Valerie turned and walked away, with Donald Prescott trailing in her wake.

“Sorry about that,” Will said. “Now where were we?”

“What do you mean, ‘expectations’?” Jake asked Kate.

“Do you want to fight about this?” Kate said.

“Oh, hell,” Will said. “Don’t. It’s over. Why should you fight about it? Personally, I’m relieved.”

“I know you are,” Kate snapped. “It’s the worst thing I know about you.”

“Hey,” Jake said. “He didn’t ask for any of this.”

“Yes, he did,” Nancy said. “I’ve got no time for Valerie, but she got screwed on this.”

“Feel free to discuss my personal life,” Will said.

“You owed her more than ‘She’s yours’ after three years,” Kate said.

“He did not,” Jake said. “Stay out of this.”

“She’s hurt,” Kate said. She looked over at Will. “It wasn’t kind.”

“I don’t believe this,” Jake said angrily.

“Being kind to Valerie,” Will explained, “is a waste of time. She only hears what she wants to hear unless you’re so blunt that you’re rude.”

“Maybe,” Kate said. “But that was brutal.”

Will looked over at Nancy and she nodded.

“Okay,” Will sighed and stood. “I’ll apologize.”

“Are you out of your mind?” Jake said.

“I didn’t say I’d take her back,” Will said. “It won’t hurt me to say I was a jerk. Maybe I was. We were together for three years. Maybe she deserves a better goodbye.”

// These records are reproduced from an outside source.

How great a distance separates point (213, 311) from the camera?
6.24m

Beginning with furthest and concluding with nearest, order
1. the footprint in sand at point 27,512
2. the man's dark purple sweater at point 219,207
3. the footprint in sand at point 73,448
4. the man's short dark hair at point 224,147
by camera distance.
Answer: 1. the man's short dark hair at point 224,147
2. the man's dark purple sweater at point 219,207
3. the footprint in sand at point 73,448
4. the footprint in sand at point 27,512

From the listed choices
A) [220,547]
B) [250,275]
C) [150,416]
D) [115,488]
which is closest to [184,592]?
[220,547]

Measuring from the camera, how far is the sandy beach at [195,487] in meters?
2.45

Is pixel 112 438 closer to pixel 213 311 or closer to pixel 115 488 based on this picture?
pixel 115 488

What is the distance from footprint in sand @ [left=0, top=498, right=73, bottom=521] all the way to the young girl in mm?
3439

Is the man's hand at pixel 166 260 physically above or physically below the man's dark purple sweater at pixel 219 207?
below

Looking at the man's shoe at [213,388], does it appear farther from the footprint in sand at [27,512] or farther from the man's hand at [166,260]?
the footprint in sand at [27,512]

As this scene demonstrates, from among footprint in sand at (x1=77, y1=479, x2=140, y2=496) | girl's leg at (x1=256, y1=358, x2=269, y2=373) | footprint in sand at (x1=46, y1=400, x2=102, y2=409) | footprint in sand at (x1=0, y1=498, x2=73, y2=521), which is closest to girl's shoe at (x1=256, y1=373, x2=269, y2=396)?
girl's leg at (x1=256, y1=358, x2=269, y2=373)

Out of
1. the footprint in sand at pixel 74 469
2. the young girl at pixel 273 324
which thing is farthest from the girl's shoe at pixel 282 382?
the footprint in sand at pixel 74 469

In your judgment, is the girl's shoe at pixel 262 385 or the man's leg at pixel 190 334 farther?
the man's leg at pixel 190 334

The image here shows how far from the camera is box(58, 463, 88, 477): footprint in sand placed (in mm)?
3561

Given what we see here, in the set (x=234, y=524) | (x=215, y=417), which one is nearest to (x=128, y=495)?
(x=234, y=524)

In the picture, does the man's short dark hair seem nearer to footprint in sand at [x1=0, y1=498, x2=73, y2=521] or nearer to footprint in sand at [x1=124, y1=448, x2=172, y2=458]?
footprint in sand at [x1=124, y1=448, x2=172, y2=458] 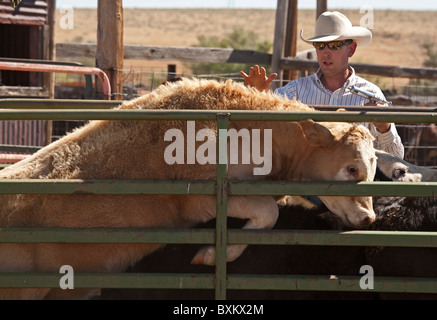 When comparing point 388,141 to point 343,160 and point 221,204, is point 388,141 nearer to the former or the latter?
point 343,160

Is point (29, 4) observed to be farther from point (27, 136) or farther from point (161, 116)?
point (161, 116)

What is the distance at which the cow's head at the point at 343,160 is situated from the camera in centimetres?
374

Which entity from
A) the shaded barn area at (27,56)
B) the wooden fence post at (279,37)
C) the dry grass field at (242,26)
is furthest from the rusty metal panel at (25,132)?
the dry grass field at (242,26)

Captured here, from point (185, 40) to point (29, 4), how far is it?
51749 mm

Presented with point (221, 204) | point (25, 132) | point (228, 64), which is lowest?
point (25, 132)

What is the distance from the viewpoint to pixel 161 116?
345 cm

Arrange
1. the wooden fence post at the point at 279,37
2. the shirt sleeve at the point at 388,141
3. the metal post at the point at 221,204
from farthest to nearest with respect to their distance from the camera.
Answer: the wooden fence post at the point at 279,37 < the shirt sleeve at the point at 388,141 < the metal post at the point at 221,204

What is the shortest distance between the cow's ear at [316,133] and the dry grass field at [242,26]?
162ft

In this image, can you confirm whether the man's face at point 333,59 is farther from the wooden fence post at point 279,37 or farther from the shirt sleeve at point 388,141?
the wooden fence post at point 279,37

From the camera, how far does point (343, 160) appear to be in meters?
3.77

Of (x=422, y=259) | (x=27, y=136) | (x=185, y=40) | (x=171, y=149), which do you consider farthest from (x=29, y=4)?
(x=185, y=40)

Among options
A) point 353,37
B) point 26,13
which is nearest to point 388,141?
point 353,37

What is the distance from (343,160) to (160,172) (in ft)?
3.50

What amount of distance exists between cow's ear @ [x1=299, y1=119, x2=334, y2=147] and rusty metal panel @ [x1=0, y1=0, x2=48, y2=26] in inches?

“No, she doesn’t,” Jake said. “She’s a bitch. She tried to run Nancy out of business and you into marriage. She deserves exactly what she got.”

“Nobody deserves what she got,” Kate said.

Jake glared at her, and she glared back.

“Well, at the least the two of you are communicating,” Will said with a slow grin. “That’s more than Val and I ever did.”

“Communication like this, I don’t need,” Jake said, and pushed his chair back.

“Where are you going?” Kate asked.

“Away from you,” Jake said and stalked off toward the bar. Will shook his head and followed him, saying something to him and slapping him on the back before he went out the door to find Valerie.

 

“What’s wrong with Jake?” Nancy asked. “He never gets mad, and now he’s been tense all night.”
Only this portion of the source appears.